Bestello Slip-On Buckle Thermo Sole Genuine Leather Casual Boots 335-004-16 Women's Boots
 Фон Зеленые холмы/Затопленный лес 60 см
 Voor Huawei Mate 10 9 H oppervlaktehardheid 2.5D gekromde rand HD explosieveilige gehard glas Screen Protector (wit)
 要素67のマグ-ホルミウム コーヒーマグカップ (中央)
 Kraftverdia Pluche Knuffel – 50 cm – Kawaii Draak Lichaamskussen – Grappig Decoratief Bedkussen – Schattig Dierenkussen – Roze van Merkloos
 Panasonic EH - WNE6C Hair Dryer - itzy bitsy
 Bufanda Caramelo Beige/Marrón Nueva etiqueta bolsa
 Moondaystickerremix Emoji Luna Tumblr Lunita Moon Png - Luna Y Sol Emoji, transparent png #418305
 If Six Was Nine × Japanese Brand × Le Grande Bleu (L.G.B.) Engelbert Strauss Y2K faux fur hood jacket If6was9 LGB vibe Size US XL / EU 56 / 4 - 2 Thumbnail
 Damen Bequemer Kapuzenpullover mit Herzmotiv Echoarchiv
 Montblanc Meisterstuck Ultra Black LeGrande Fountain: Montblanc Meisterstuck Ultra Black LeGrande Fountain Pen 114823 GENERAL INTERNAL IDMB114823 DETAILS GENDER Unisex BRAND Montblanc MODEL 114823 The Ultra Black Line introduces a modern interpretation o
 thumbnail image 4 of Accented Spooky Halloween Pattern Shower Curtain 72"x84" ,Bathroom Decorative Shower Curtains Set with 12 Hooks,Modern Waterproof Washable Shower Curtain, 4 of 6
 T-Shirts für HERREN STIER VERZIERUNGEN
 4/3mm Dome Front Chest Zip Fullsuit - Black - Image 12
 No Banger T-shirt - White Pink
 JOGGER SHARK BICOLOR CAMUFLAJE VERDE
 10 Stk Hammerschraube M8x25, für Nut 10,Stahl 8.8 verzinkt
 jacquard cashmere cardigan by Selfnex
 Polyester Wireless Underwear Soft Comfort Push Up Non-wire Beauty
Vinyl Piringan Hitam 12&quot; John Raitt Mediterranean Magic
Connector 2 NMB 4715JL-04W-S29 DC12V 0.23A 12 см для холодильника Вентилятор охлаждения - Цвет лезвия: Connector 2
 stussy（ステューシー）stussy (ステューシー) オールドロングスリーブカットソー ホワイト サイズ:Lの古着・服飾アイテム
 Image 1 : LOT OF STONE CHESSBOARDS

What the task requires => Repeat only the lines starting at the one that contains "Voor Huawei Mate" and ending at the last line above, exactly as written.

Solved problem =>
 Voor Huawei Mate 10 9 H oppervlaktehardheid 2.5D gekromde rand HD explosieveilige gehard glas Screen Protector (wit)
 要素67のマグ-ホルミウム コーヒーマグカップ (中央)
 Kraftverdia Pluche Knuffel – 50 cm – Kawaii Draak Lichaamskussen – Grappig Decoratief Bedkussen – Schattig Dierenkussen – Roze van Merkloos
 Panasonic EH - WNE6C Hair Dryer - itzy bitsy
 Bufanda Caramelo Beige/Marrón Nueva etiqueta bolsa
 Moondaystickerremix Emoji Luna Tumblr Lunita Moon Png - Luna Y Sol Emoji, transparent png #418305
 If Six Was Nine × Japanese Brand × Le Grande Bleu (L.G.B.) Engelbert Strauss Y2K faux fur hood jacket If6was9 LGB vibe Size US XL / EU 56 / 4 - 2 Thumbnail
 Damen Bequemer Kapuzenpullover mit Herzmotiv Echoarchiv
 Montblanc Meisterstuck Ultra Black LeGrande Fountain: Montblanc Meisterstuck Ultra Black LeGrande Fountain Pen 114823 GENERAL INTERNAL IDMB114823 DETAILS GENDER Unisex BRAND Montblanc MODEL 114823 The Ultra Black Line introduces a modern interpretation o
 thumbnail image 4 of Accented Spooky Halloween Pattern Shower Curtain 72"x84" ,Bathroom Decorative Shower Curtains Set with 12 Hooks,Modern Waterproof Washable Shower Curtain, 4 of 6
 T-Shirts für HERREN STIER VERZIERUNGEN
 4/3mm Dome Front Chest Zip Fullsuit - Black - Image 12
 No Banger T-shirt - White Pink
 JOGGER SHARK BICOLOR CAMUFLAJE VERDE
 10 Stk Hammerschraube M8x25, für Nut 10,Stahl 8.8 verzinkt
 jacquard cashmere cardigan by Selfnex
 Polyester Wireless Underwear Soft Comfort Push Up Non-wire Beauty
Vinyl Piringan Hitam 12&quot; John Raitt Mediterranean Magic
Connector 2 NMB 4715JL-04W-S29 DC12V 0.23A 12 см для холодильника Вентилятор охлаждения - Цвет лезвия: Connector 2
 stussy（ステューシー）stussy (ステューシー) オールドロングスリーブカットソー ホワイト サイズ:Lの古着・服飾アイテム
 Image 1 : LOT OF STONE CHESSBOARDS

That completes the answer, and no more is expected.